Kaisar Jepang wanita japanesestation.com
Upacara pengangkatan Kaisar Jepang. (nippon.com)

Hal yang dilakukan oleh gubernur Kyoto ini dianggap melanggar prinsip pemisahan antara hal keagamaan dan pemerintahan, karena menggunakan uang pajak masyarakat untuk menghadiri upacara keagamaan. Dalam gugatan tersebut, 12 warga Kyoto juga mempertanyakan apakah kehadiran pejabat-pejabat ini juga berhubungan dengan Daijosai yang diadakan di Nantan pada bulan September tahun lalu.

Nishiwaki dan beberapa pejabat lainnya mengikuti Daijoku no gi, bagian utama dari Daijosai, dimana kaisar mempersembahkan beras yang baru saja dipanen kepada dewi matahari Amaterasu dan dewa-dewa bumi dan langit lainnya pada tanggal 14 dan 15 November tahun lalu. Tidak hanya itu, mereka juga ikut bagian dalam Saiden Nukiho no gi, sebuah upacara untuk memanen beras yang akan digunakan dalam upacara agama Shinto.

Penggugat telah meminta audit pada bulan Agustus yang lalu untuk meminta pengembalian uang yang terpakai untuk Daijosai tersebut, namun permintaan tersebut ditolak pada bulan Oktober.

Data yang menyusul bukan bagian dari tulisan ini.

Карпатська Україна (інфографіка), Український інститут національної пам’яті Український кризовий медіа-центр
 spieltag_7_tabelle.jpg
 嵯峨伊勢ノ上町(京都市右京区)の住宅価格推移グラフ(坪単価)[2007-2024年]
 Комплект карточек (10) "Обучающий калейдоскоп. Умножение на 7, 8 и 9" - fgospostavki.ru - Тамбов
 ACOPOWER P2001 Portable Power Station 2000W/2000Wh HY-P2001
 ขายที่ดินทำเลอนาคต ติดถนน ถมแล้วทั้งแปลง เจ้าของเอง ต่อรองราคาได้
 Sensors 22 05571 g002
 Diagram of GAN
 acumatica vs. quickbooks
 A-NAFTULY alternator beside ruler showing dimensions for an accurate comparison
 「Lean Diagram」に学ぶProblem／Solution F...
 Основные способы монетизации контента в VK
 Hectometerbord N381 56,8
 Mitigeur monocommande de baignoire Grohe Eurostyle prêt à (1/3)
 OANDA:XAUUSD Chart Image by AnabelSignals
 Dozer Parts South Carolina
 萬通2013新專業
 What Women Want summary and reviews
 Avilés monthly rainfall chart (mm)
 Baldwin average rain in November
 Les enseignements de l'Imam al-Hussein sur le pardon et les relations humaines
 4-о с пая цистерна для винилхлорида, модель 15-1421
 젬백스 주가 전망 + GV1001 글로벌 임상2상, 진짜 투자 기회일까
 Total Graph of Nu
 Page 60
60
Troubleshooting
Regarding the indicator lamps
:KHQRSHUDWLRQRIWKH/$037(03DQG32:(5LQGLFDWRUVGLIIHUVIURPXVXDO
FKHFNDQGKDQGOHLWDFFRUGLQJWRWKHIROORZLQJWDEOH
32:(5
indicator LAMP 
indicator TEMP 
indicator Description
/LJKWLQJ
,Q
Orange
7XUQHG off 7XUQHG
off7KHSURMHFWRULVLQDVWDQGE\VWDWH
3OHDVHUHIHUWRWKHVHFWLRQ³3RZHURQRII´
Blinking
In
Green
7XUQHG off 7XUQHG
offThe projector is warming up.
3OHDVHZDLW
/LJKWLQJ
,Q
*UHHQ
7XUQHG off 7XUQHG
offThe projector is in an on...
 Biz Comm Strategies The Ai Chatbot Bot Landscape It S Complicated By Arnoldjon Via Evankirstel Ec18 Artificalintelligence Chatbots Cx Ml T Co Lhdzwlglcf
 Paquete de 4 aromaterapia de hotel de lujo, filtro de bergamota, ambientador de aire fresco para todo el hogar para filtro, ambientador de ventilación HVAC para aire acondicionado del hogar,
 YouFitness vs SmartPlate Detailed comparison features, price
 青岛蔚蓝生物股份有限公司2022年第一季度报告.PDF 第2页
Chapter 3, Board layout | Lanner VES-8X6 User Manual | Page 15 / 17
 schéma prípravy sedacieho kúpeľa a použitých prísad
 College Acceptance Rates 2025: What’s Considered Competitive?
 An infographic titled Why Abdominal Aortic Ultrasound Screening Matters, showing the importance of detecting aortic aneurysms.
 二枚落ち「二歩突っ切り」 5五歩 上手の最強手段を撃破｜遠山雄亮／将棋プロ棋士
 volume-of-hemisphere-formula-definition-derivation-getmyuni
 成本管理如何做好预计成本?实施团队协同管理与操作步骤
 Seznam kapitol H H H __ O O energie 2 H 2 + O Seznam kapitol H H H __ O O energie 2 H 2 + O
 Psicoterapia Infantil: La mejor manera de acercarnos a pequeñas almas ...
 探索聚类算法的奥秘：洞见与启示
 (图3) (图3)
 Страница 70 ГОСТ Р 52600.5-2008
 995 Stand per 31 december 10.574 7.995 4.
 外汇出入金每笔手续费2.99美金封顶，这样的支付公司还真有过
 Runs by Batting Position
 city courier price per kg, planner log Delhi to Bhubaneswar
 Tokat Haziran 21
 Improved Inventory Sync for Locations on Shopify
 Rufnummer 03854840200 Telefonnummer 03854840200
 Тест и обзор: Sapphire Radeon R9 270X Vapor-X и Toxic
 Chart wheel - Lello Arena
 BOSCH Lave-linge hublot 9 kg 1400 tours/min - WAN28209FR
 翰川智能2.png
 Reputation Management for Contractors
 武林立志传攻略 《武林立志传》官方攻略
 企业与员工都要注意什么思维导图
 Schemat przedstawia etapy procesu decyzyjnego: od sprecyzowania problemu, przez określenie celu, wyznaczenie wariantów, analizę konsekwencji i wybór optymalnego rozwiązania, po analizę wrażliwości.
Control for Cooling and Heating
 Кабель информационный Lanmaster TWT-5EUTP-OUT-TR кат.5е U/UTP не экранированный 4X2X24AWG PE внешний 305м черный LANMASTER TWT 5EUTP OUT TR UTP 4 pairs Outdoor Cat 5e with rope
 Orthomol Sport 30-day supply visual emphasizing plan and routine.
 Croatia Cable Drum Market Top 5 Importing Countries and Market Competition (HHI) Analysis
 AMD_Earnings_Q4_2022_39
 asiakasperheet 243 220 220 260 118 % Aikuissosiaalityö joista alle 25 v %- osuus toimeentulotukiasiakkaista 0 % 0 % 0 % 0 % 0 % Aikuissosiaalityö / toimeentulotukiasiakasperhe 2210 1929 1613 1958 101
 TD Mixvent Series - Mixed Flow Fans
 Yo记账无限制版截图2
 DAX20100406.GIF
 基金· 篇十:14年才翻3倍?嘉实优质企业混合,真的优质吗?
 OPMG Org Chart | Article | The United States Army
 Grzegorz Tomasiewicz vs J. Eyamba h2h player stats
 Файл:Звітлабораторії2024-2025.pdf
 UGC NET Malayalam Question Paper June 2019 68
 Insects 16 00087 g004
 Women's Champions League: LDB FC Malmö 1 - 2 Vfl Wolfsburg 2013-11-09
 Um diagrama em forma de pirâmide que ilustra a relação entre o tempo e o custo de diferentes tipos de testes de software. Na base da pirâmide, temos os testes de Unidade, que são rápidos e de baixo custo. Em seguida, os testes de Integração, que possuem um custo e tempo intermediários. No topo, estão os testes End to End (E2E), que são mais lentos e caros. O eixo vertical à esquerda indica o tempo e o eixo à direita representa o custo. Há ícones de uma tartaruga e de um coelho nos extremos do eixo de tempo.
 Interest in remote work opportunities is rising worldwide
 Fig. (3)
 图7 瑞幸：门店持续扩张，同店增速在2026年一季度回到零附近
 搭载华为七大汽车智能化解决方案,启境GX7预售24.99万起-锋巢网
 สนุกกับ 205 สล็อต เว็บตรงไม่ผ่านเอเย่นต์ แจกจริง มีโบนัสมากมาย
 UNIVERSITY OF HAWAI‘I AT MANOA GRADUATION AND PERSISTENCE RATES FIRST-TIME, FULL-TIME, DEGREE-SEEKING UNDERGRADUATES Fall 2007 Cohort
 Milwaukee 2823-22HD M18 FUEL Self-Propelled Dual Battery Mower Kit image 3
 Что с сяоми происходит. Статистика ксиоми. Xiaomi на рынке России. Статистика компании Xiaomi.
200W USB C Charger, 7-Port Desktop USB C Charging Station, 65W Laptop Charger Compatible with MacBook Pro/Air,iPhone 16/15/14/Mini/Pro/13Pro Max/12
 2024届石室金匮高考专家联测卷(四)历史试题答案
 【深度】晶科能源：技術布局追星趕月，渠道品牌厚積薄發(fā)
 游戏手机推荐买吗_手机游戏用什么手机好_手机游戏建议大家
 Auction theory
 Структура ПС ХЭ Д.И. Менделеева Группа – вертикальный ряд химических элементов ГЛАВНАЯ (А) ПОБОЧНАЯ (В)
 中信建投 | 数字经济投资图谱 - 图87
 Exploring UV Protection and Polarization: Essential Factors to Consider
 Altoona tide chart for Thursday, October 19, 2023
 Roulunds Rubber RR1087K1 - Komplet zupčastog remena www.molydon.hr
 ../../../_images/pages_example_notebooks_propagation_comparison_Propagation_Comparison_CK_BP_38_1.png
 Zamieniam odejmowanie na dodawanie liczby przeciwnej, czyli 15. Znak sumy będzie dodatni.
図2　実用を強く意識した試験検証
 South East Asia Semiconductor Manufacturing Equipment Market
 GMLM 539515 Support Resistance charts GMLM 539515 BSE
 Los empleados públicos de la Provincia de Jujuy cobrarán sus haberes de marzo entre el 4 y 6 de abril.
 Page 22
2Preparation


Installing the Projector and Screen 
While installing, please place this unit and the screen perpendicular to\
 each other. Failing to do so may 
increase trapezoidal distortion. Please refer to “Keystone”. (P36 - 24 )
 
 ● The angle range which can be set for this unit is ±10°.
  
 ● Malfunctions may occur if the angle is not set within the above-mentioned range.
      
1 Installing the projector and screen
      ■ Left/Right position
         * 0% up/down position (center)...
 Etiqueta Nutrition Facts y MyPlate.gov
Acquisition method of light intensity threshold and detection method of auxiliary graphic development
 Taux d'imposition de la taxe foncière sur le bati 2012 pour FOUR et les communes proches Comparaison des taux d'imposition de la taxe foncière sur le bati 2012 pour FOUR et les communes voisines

Kasus yang serupa ini pernah terjadi pada upacara Daijosai sebelumnya pada tahun 1990 yang dilaksanakan oleh kaisar Akihito. Kejaksaan tinggi Osaka yang berkuasa pada tahun 1995 menyebutkan keraguannya mengenai pendanaan upacara-upacara agama Shinto yang melanggar undang-undang. Namun pemerintah pusat Jepang saat itu berhasil menjamin bahwa upacara tersebut tidak menggunakan uang pemerintah.